Exercise description –
Repeat word for word the lines from the one containing "Building Photo - 3605 SW Carriageway Ave" to the end of the material below, and leave all pictures out.

Source material –
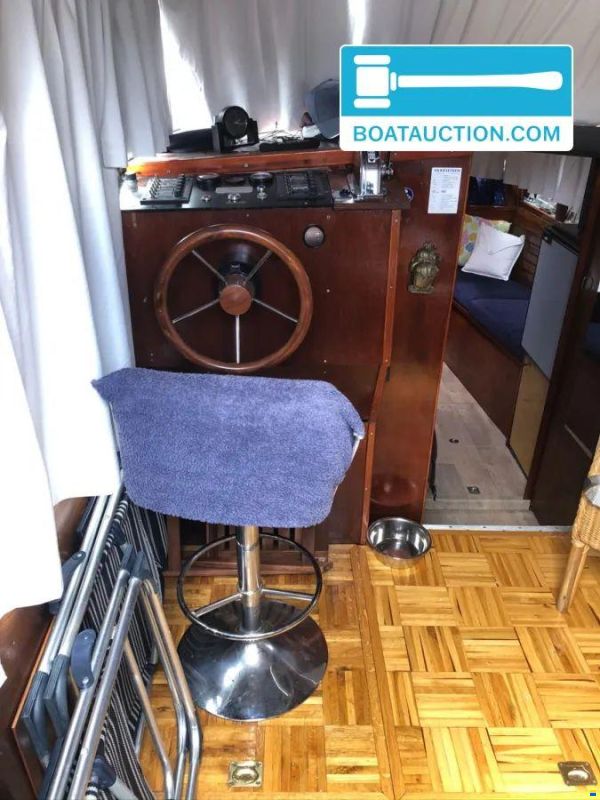 Motorboat 960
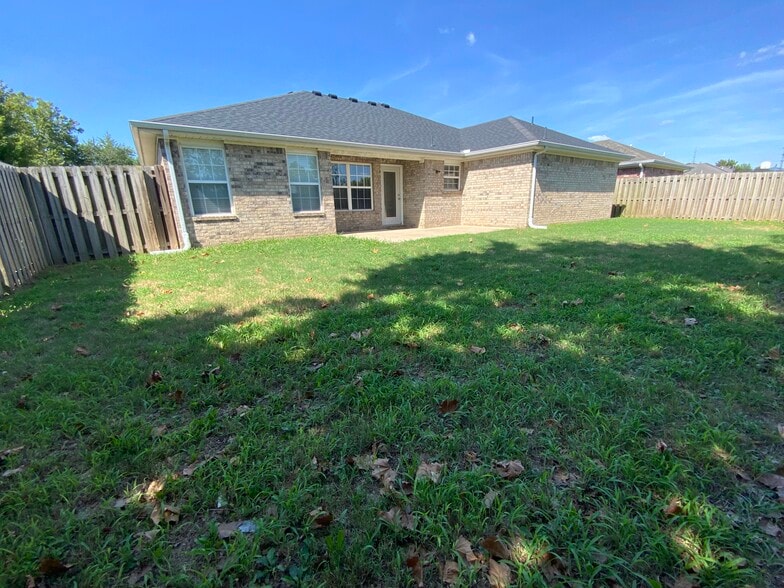 Building Photo - 3605 SW Carriageway Ave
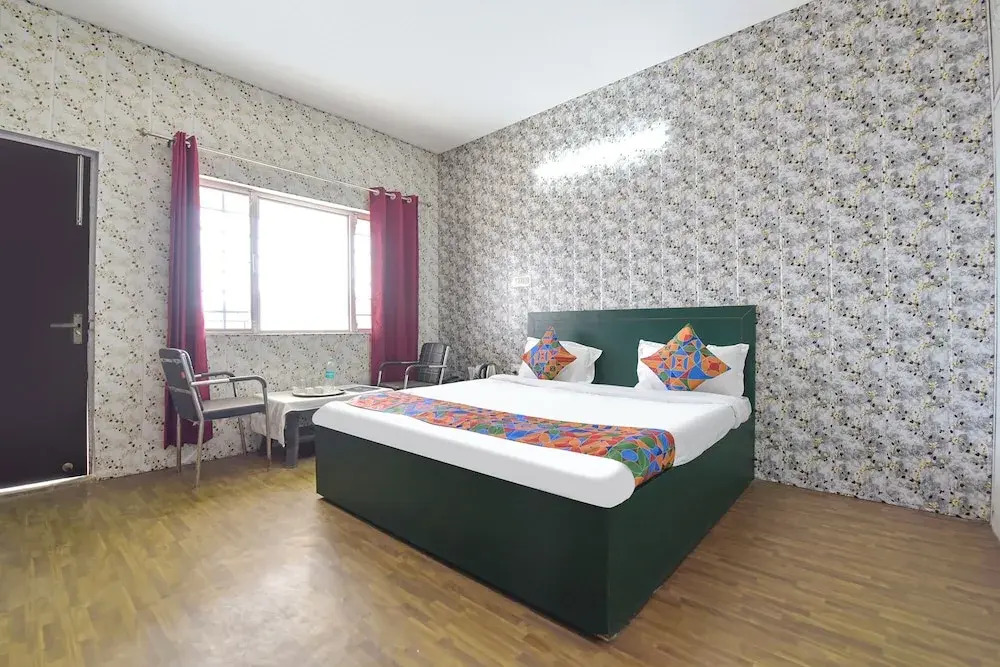 FabHotel Green Acres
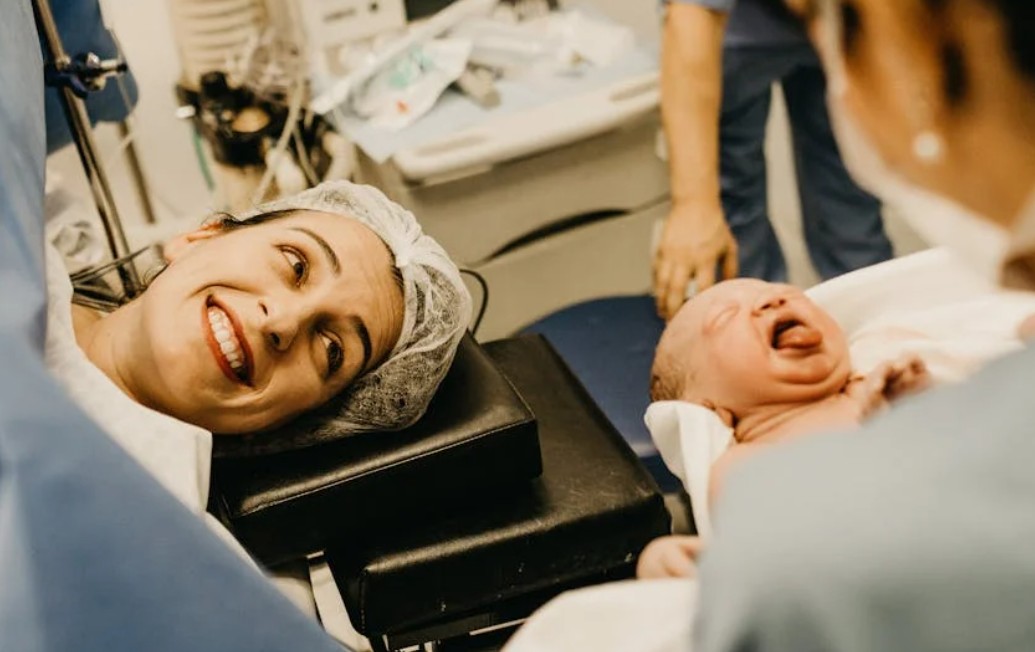 夢見未婚分娩:12 個意義和象徵 夢見未婚分娩:12 個意義和象徵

Answer section –
 Building Photo - 3605 SW Carriageway Ave
 FabHotel Green Acres
 夢見未婚分娩:12 個意義和象徵 夢見未婚分娩:12 個意義和象徵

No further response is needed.